ABOUT THIS EXERCISE - Below are the entries. Transcribe exactly the lines from the one with "Renault Megane Megane" through the one with "Stock New Steering", ends included, and leave out all others.

EXTRACTED RECORDS -
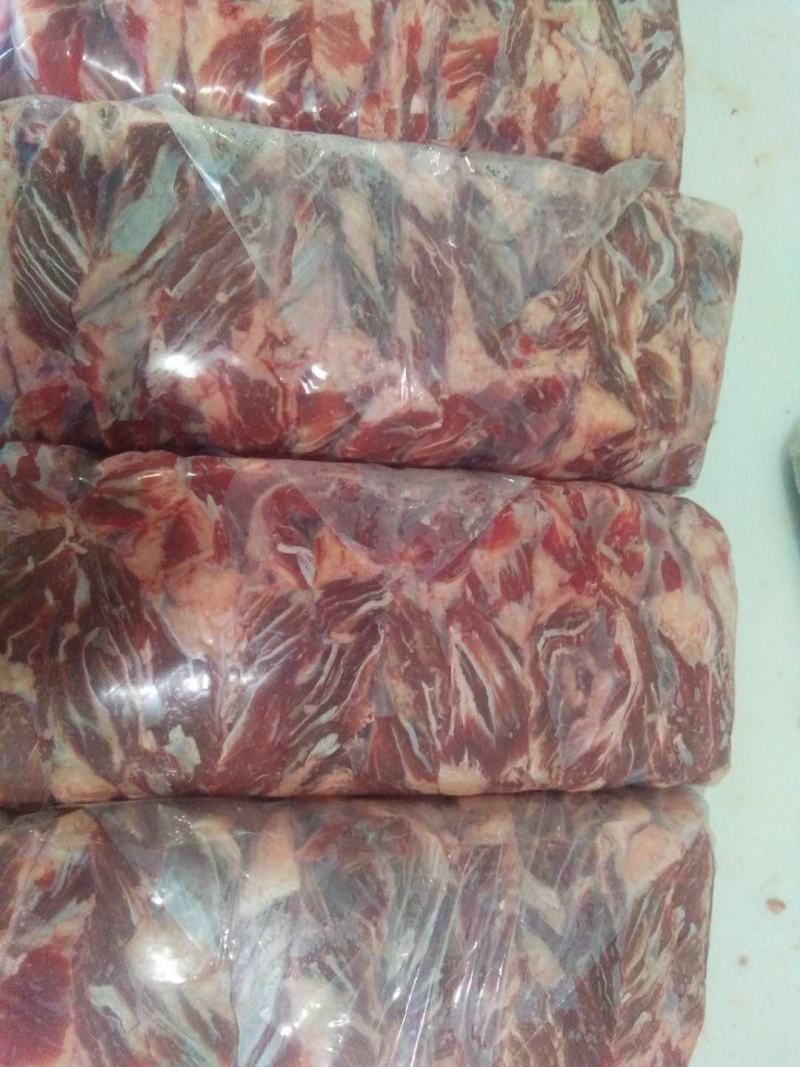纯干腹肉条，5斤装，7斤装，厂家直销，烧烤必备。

==

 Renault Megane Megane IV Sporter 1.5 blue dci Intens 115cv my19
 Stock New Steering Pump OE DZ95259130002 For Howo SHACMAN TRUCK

--

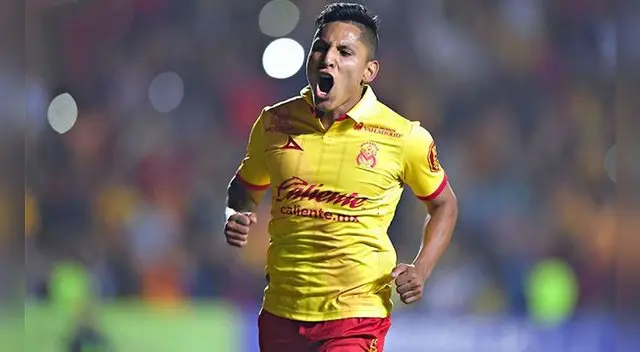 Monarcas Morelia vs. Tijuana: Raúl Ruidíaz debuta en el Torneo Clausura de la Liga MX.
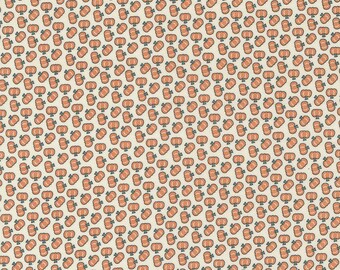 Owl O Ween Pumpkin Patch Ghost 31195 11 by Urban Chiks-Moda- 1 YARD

ANSWER BOX -
 Renault Megane Megane IV Sporter 1.5 blue dci Intens 115cv my19
 Stock New Steering Pump OE DZ95259130002 For Howo SHACMAN TRUCK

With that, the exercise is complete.